The shock wave of a gunshot booms through the clearing. I drop to my hands and knees. A few feet away, the fawn’s carapace explodes into shards of mossy plastic. It slumps onto its side and kicks its legs a few times.
Before I can take a breath, Nolan has his backpack slung on and one hand around my upper arm. He’s dragging me to my feet so we can run together. Just like we have so many times before. Only this time is different. This time we’re running from a human being.
“Hey, kids,” calls a strained voice. “Don’t go nowhere.” The words are slurred on the edges and vibrate like sandpaper over smoke-damaged vocal cords. The owner of the voice slouches into the clearing.
All I see is his pistol.
“Lot of dangerous shit out here in the woods,” says the man. He flashes a grin at us and glances around the clearing, looking for more people. “Especially for a couple of kiddos.”

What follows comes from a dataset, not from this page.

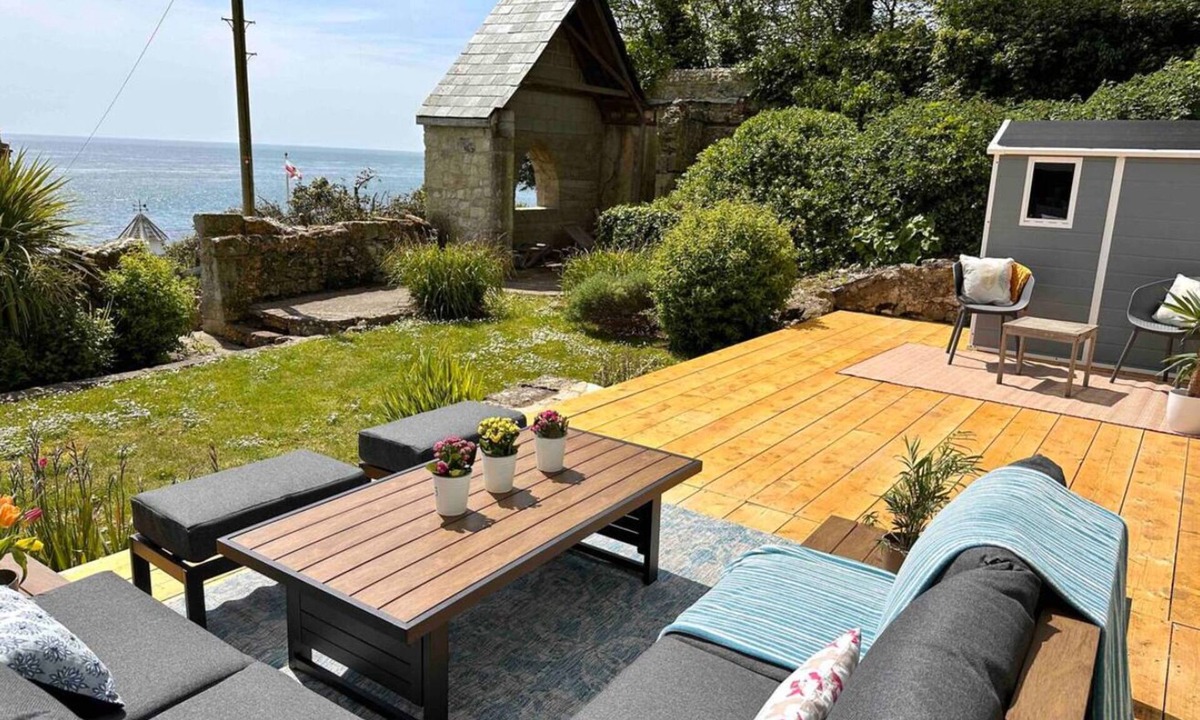 Bonchurch Cabin | Oceanblue: The Hideaway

“That machine wasn’t dangerous—” I say, and stop myself.
The man’s facial muscles have tensed. He’s peering at my face and reflexively lifts his gun and widens his stance. Nolan’s hand closes tighter on my arm.
“Whoa,” he says. “What’s with your eyes?”
I keep my eyes down, looking at the poor corpse of the vegetarian robot. My hair hangs over my face, dark and swaying like electrical cords. Through the strands I see the man’s heart is spasming hard in his chest. Golden ripples pulse over his filthy torn jacket. I can see and hear his crooked stained teeth locking together in his mouth as he sets his jaw and realizes the truth: This isn’t a little girl at all.